Castlegregory and Vicinity in the Mid-Nineteenth Century

Source:- www.nyuirish.net

by Ted Smyth, Glucksman Ireland House, New York University.

© Ted Smyth, 2018.  All rights reserved.

An account entry in New York’s Emigrant Industrial Savings Bank (EISB) in 1853 opens a window on a remarkable exodus from the Dingle Peninsula in Co. Kerry during the period of the Great Famine.  Unlike the assisted emigration from the Lansdowne estate centered further south around Kenmare, a group from Castlegregory and vicinity demonstrates how chain migration was behind their movement out of Ireland and settlement in New York.  Research into 366 Emigrant Savings Bank account holders living in the 18th Ward during the period 1850-1860 reveals that of 35 born in Co. Kerry, 22 of them emigrated from this specific rural area, mostly settling in the Gas House district, where some of the men found arduous work as gas stokers.

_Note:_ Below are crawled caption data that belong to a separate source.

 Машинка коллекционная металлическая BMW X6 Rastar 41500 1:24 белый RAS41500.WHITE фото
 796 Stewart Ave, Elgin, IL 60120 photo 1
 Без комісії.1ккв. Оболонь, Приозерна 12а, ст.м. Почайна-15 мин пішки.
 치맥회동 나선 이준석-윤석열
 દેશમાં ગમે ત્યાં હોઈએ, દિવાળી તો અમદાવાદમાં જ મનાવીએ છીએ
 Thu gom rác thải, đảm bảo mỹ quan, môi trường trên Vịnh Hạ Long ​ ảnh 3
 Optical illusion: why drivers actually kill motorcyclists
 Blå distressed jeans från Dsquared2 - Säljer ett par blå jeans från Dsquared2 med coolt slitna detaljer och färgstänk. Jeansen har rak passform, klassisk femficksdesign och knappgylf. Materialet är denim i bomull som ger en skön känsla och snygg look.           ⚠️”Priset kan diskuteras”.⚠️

Bridget O’Brien, a native of Castlegregory, opened EISB Acct. No. 3712 on February 9, 1853. The childless widow of Maurice O’Brien, she ran a Porter House on 21ststreet between First and Second Avenues. She reported that she landed in New York from Cork on the ship, Croma, in May 1848. There are no records of a ship called Croma in the transatlantic shipping archives, but there is record of a brig called the Cremona, which arrived in New York from the port of Cobh on July 24, 1848.  The Cremona’s manifest supplied by its Master, William Davy, reveals that amongst the 55 passengers was a Bridget Callaghan, aged 24, who we can assume is the future Bridget O’Brien, as the Bank’s accountant recorded Bridget’s deceased parents as Thomas Callaghan and Bridget Foran.[1]

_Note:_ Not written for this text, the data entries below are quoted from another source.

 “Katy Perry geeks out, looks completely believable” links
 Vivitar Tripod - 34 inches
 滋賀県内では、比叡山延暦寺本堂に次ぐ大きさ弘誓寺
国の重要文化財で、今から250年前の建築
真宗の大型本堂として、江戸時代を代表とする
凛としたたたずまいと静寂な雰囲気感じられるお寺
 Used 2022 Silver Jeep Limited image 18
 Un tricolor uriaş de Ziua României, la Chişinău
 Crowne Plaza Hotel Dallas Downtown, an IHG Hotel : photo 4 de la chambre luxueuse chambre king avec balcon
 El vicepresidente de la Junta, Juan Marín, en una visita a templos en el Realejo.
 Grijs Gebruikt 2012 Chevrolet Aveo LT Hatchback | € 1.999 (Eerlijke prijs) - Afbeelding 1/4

The Castlegregory that Bridget Callaghan left forever in 1848 had been wracked by famine and disease for two years, with no prospect of relief. It is not clear if Bridget and her siblings and cousins regarded emigration as deorai/banishment or as opportunity for better times, in contrast with abject poverty and misery at home.[2]In many ways it was both banishment and opportunity. Bridget joined two brothers and three sisters who had already emigrated to New York: Michael, Jeremiah, Catherine and Judy; another sister, Norry, lived in Massachusetts. This left only one sister in Ireland, Mary,[3] who emigrated to New York in 1854, married Thomas Spillane, and settled at 194 East 22nd Street, around the corner from her sister.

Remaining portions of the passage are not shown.